Going for IT gold in Beijing

In our digital age a successful Olympic Games is driven by world-class IT. As the Beijing Games draws closer ARN look at how IT is helping the green and gold.

It's not just toned muscles and the boxing Kangaroo spirit rallying our athletes at this year's Beijing Olympics. IT is also giving us an edge in the lead up to the race for gold and helping to make the Australian team feel more at home in China.

With the Games less than a month away athletes are in the final stages of preparation and priming themselves for competition. For many, August is the climax of months (in some cases years) of high-octane training.

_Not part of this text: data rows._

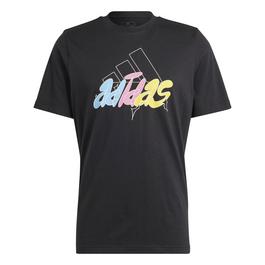 adidas Essentials Single Jersey Logo T-Shirt Mens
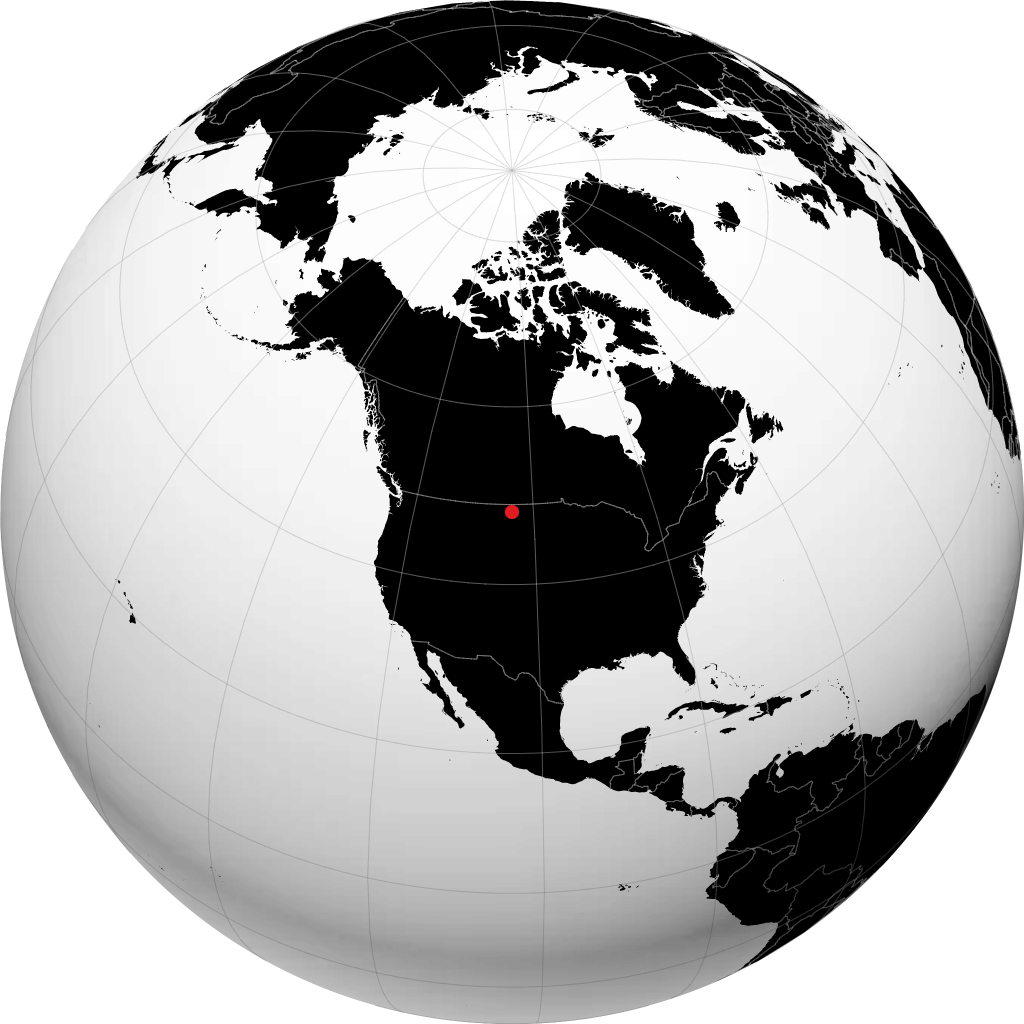 Williston on the globe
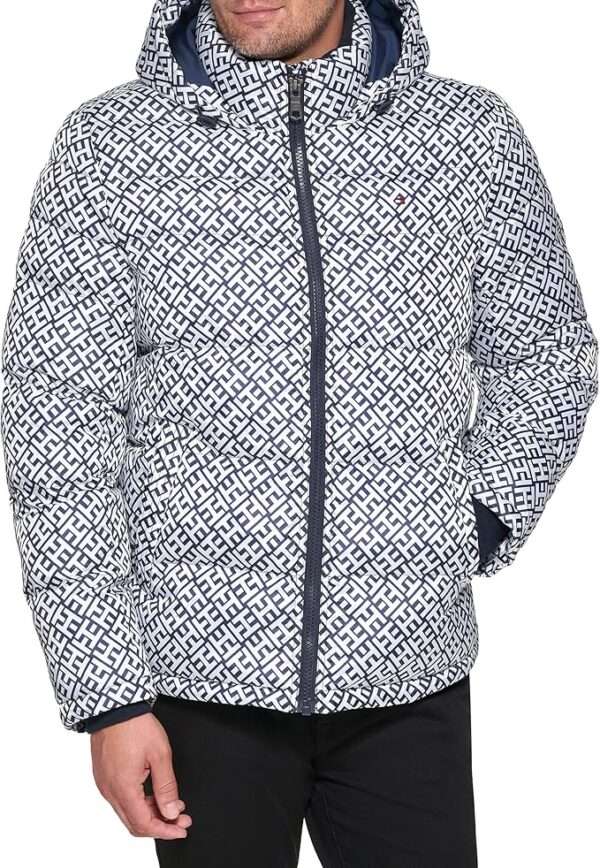 Tommy Hilfiger Men's Down Alternative Hooded Puffer Jacket (Standard and Big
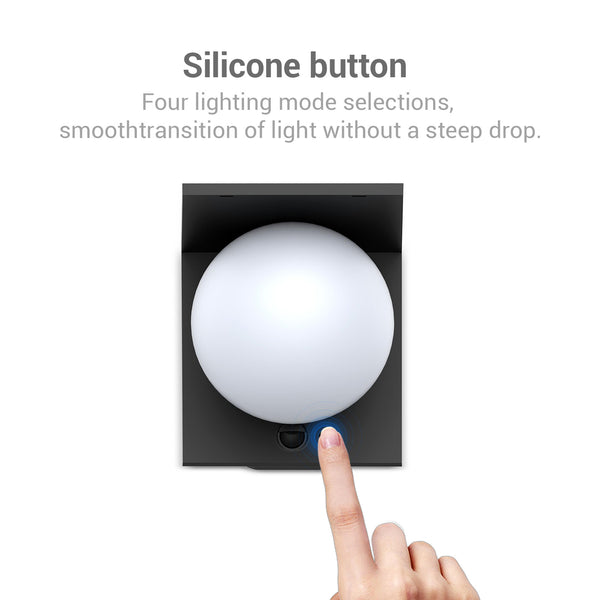Bright 1000LM solar lamp with 4 lighting modes and IP54 waterproof protection
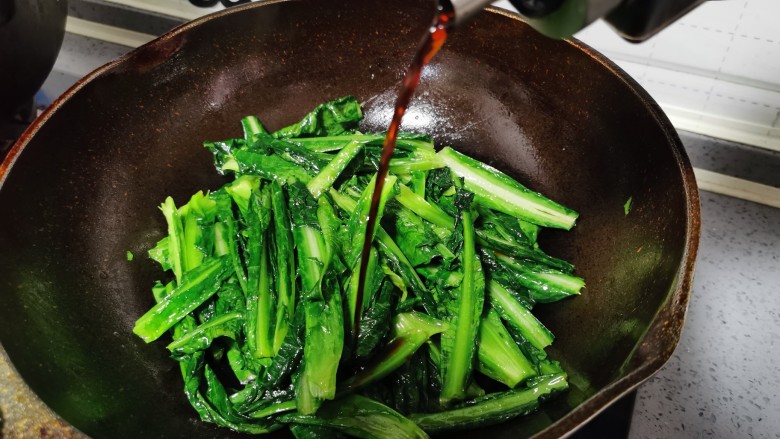 蚝油油麦菜,味极鲜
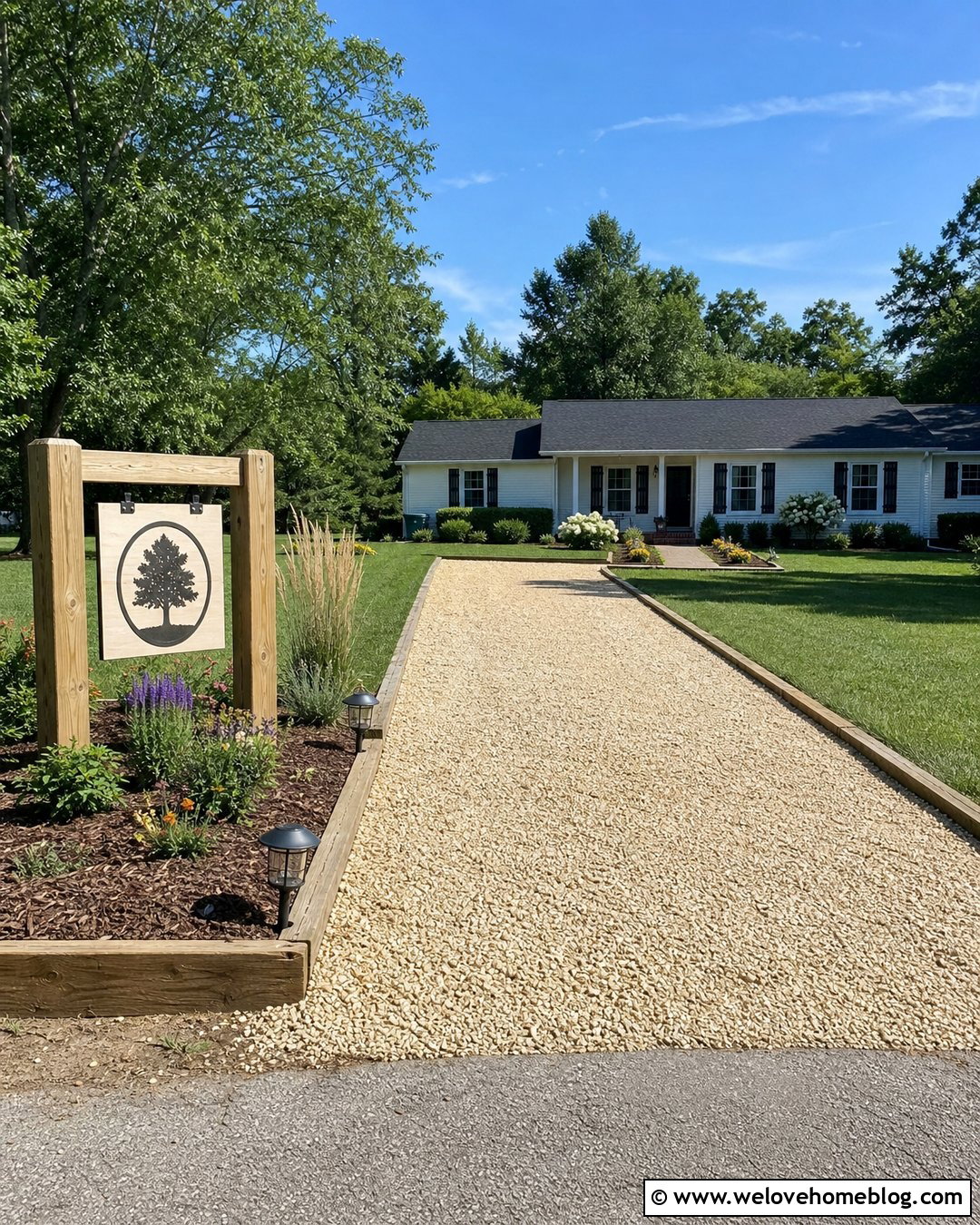 DIY Driveway Welcome Sign - 20 driveway welcome sign entrance ideas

At the Australian Institute of Sport (AIS) a number of our leading swimmers have been subject to analysis by not only the coaching staff but also some homegrown IT to help them improve their all-important start and turn times during this preparatory period.

During training the swimmers have been monitored by four cameras capturing every movement at 100 frames per second and instrumented plates - called "Force Platform" - built into the starting blocks and walls at the end of each lane. The technology was developed in-house by the AIS.

As the swimmer pushes off from the blocks and wall the forces exerted are measured by the plates, their movements captured by the cameras and fed into a customised software program called "Wet Plate", which analyses and processes the data for use by the coaching staff looking on with high definition replay at the side of the pool.

The system also uses magnetised timing gates in conjunction with a small magnet in the swimmer's cap that shows how fast they are going.

"We have been getting information for quite a few years about the forces and hence the angles at which swimmers move off the blocks and off the walls, but up until recently we haven't been able to combine it all to provide immediate feedback for the coaches and athletes," AIS head of aquatics testing, training and research unit, Bruce Mason, said. "The latest IT technologies have enabled us to do that. The Wet Plate program basically captures all this information together and enables us to show the athlete and coach within seconds of them performing what they actually did so they can make changes and try it again to see if they have improved."

Getting tech

The AIS pool and system was officially opened in 2006 and has played host to many of the country's great swimmers including the Australian relay squad and the world's fastest 50m freestyle swimmer, Eamon Sullivan.

"We've got a fairly powerful workstation," Mason said. "For instance, when we have the Australian swim team in we might capture 300 or 400GB of data which includes video.

"Races are won by hundredths of seconds. So a start is very important, if they don't get a good start that could be the reason why they came eighth rather than first in a race."

It has taken time, however, for the coaching staff and athletes to fully warm to the technology. While the same data had been collected for many years it wasn't all connected by the one system.